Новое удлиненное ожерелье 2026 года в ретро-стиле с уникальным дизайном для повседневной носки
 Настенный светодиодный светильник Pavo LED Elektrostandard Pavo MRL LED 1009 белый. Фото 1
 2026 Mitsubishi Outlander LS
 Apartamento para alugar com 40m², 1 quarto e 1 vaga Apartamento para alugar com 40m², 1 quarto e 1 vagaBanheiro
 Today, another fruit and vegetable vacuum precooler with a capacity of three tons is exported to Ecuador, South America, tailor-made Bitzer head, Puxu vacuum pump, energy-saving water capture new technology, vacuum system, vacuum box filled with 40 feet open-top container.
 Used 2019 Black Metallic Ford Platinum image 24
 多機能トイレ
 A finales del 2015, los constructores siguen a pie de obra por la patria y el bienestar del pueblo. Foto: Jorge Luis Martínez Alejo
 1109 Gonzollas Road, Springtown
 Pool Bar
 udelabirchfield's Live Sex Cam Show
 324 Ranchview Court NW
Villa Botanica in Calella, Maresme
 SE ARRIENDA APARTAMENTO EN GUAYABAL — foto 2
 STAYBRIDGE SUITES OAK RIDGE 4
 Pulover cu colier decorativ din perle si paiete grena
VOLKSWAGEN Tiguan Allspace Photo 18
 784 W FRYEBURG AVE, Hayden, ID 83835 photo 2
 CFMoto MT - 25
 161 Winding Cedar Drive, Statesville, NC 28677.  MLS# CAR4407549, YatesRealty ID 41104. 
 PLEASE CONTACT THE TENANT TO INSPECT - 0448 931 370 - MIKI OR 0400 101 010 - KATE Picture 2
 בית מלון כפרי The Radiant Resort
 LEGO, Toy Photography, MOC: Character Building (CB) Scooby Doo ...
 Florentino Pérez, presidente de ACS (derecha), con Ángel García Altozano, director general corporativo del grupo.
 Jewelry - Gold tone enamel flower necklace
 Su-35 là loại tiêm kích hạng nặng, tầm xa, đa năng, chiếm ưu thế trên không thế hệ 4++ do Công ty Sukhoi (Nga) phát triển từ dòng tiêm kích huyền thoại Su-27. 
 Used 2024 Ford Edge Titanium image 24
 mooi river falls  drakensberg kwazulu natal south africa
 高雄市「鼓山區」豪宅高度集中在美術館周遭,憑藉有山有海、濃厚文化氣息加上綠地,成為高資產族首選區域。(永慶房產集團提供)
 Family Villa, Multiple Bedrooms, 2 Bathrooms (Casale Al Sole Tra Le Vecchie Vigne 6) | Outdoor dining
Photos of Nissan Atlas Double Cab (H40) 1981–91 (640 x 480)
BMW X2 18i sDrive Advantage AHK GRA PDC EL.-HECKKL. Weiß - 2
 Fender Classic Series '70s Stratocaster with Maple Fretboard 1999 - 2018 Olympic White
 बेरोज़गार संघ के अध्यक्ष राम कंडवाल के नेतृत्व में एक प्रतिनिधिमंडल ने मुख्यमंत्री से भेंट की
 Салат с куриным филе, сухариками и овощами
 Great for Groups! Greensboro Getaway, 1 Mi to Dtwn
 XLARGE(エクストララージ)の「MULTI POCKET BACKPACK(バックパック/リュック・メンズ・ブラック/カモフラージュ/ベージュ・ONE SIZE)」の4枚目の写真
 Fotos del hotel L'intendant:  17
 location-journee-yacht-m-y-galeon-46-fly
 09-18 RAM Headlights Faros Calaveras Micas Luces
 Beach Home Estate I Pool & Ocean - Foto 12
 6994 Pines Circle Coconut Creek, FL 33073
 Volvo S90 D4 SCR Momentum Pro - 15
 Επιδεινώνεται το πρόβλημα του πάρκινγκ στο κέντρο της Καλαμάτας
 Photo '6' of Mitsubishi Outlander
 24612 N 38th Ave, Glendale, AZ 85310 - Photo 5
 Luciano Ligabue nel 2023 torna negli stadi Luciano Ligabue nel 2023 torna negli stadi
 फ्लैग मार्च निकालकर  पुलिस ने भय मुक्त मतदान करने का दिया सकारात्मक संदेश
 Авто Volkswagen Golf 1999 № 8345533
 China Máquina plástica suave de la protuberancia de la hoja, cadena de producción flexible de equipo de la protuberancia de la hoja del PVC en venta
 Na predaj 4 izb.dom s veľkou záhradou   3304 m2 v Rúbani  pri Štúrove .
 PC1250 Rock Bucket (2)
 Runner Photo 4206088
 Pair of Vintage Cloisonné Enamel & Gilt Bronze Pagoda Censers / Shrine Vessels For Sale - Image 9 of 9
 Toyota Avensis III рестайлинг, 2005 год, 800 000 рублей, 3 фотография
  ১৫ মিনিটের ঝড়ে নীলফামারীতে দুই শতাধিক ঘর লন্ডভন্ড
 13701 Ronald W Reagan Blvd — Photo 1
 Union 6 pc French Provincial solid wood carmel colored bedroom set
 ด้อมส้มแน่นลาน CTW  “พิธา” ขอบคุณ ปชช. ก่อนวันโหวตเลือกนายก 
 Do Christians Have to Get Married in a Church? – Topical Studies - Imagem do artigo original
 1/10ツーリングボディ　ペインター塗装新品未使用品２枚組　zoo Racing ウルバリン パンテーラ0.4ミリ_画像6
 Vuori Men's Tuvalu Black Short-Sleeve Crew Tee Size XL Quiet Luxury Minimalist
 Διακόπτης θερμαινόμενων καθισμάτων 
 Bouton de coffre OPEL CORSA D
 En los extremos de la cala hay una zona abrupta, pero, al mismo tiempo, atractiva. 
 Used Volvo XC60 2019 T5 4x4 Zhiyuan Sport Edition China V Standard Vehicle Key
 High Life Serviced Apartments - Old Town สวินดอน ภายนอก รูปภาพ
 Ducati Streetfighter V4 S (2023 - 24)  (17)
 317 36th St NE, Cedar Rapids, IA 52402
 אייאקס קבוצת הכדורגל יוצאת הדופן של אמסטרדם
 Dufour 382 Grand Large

◇ ◇ ◇ ◇ ◇

Give all of the entries again, exactly.

Новое удлиненное ожерелье 2026 года в ретро-стиле с уникальным дизайном для повседневной носки
 Настенный светодиодный светильник Pavo LED Elektrostandard Pavo MRL LED 1009 белый. Фото 1
 2026 Mitsubishi Outlander LS
 Apartamento para alugar com 40m², 1 quarto e 1 vaga Apartamento para alugar com 40m², 1 quarto e 1 vagaBanheiro
 Today, another fruit and vegetable vacuum precooler with a capacity of three tons is exported to Ecuador, South America, tailor-made Bitzer head, Puxu vacuum pump, energy-saving water capture new technology, vacuum system, vacuum box filled with 40 feet open-top container.
 Used 2019 Black Metallic Ford Platinum image 24
 多機能トイレ
 A finales del 2015, los constructores siguen a pie de obra por la patria y el bienestar del pueblo. Foto: Jorge Luis Martínez Alejo
 1109 Gonzollas Road, Springtown
 Pool Bar
 udelabirchfield's Live Sex Cam Show
 324 Ranchview Court NW
Villa Botanica in Calella, Maresme
 SE ARRIENDA APARTAMENTO EN GUAYABAL — foto 2
 STAYBRIDGE SUITES OAK RIDGE 4
 Pulover cu colier decorativ din perle si paiete grena
VOLKSWAGEN Tiguan Allspace Photo 18
 784 W FRYEBURG AVE, Hayden, ID 83835 photo 2
 CFMoto MT - 25
 161 Winding Cedar Drive, Statesville, NC 28677.  MLS# CAR4407549, YatesRealty ID 41104. 
 PLEASE CONTACT THE TENANT TO INSPECT - 0448 931 370 - MIKI OR 0400 101 010 - KATE Picture 2
 בית מלון כפרי The Radiant Resort
 LEGO, Toy Photography, MOC: Character Building (CB) Scooby Doo ...
 Florentino Pérez, presidente de ACS (derecha), con Ángel García Altozano, director general corporativo del grupo.
 Jewelry - Gold tone enamel flower necklace
 Su-35 là loại tiêm kích hạng nặng, tầm xa, đa năng, chiếm ưu thế trên không thế hệ 4++ do Công ty Sukhoi (Nga) phát triển từ dòng tiêm kích huyền thoại Su-27. 
 Used 2024 Ford Edge Titanium image 24
 mooi river falls  drakensberg kwazulu natal south africa
 高雄市「鼓山區」豪宅高度集中在美術館周遭,憑藉有山有海、濃厚文化氣息加上綠地,成為高資產族首選區域。(永慶房產集團提供)
 Family Villa, Multiple Bedrooms, 2 Bathrooms (Casale Al Sole Tra Le Vecchie Vigne 6) | Outdoor dining
Photos of Nissan Atlas Double Cab (H40) 1981–91 (640 x 480)
BMW X2 18i sDrive Advantage AHK GRA PDC EL.-HECKKL. Weiß - 2
 Fender Classic Series '70s Stratocaster with Maple Fretboard 1999 - 2018 Olympic White
 बेरोज़गार संघ के अध्यक्ष राम कंडवाल के नेतृत्व में एक प्रतिनिधिमंडल ने मुख्यमंत्री से भेंट की
 Салат с куриным филе, сухариками и овощами
 Great for Groups! Greensboro Getaway, 1 Mi to Dtwn
 XLARGE(エクストララージ)の「MULTI POCKET BACKPACK(バックパック/リュック・メンズ・ブラック/カモフラージュ/ベージュ・ONE SIZE)」の4枚目の写真
 Fotos del hotel L'intendant:  17
 location-journee-yacht-m-y-galeon-46-fly
 09-18 RAM Headlights Faros Calaveras Micas Luces
 Beach Home Estate I Pool & Ocean - Foto 12
 6994 Pines Circle Coconut Creek, FL 33073
 Volvo S90 D4 SCR Momentum Pro - 15
 Επιδεινώνεται το πρόβλημα του πάρκινγκ στο κέντρο της Καλαμάτας
 Photo '6' of Mitsubishi Outlander
 24612 N 38th Ave, Glendale, AZ 85310 - Photo 5
 Luciano Ligabue nel 2023 torna negli stadi Luciano Ligabue nel 2023 torna negli stadi
 फ्लैग मार्च निकालकर  पुलिस ने भय मुक्त मतदान करने का दिया सकारात्मक संदेश
 Авто Volkswagen Golf 1999 № 8345533
 China Máquina plástica suave de la protuberancia de la hoja, cadena de producción flexible de equipo de la protuberancia de la hoja del PVC en venta
 Na predaj 4 izb.dom s veľkou záhradou   3304 m2 v Rúbani  pri Štúrove .
 PC1250 Rock Bucket (2)
 Runner Photo 4206088
 Pair of Vintage Cloisonné Enamel & Gilt Bronze Pagoda Censers / Shrine Vessels For Sale - Image 9 of 9
 Toyota Avensis III рестайлинг, 2005 год, 800 000 рублей, 3 фотография
  ১৫ মিনিটের ঝড়ে নীলফামারীতে দুই শতাধিক ঘর লন্ডভন্ড
 13701 Ronald W Reagan Blvd — Photo 1
 Union 6 pc French Provincial solid wood carmel colored bedroom set
 ด้อมส้มแน่นลาน CTW  “พิธา” ขอบคุณ ปชช. ก่อนวันโหวตเลือกนายก 
 Do Christians Have to Get Married in a Church? – Topical Studies - Imagem do artigo original
 1/10ツーリングボディ　ペインター塗装新品未使用品２枚組　zoo Racing ウルバリン パンテーラ0.4ミリ_画像6
 Vuori Men's Tuvalu Black Short-Sleeve Crew Tee Size XL Quiet Luxury Minimalist
 Διακόπτης θερμαινόμενων καθισμάτων 
 Bouton de coffre OPEL CORSA D
 En los extremos de la cala hay una zona abrupta, pero, al mismo tiempo, atractiva. 
 Used Volvo XC60 2019 T5 4x4 Zhiyuan Sport Edition China V Standard Vehicle Key
 High Life Serviced Apartments - Old Town สวินดอน ภายนอก รูปภาพ
 Ducati Streetfighter V4 S (2023 - 24)  (17)
 317 36th St NE, Cedar Rapids, IA 52402
 אייאקס קבוצת הכדורגל יוצאת הדופן של אמסטרדם
 Dufour 382 Grand Large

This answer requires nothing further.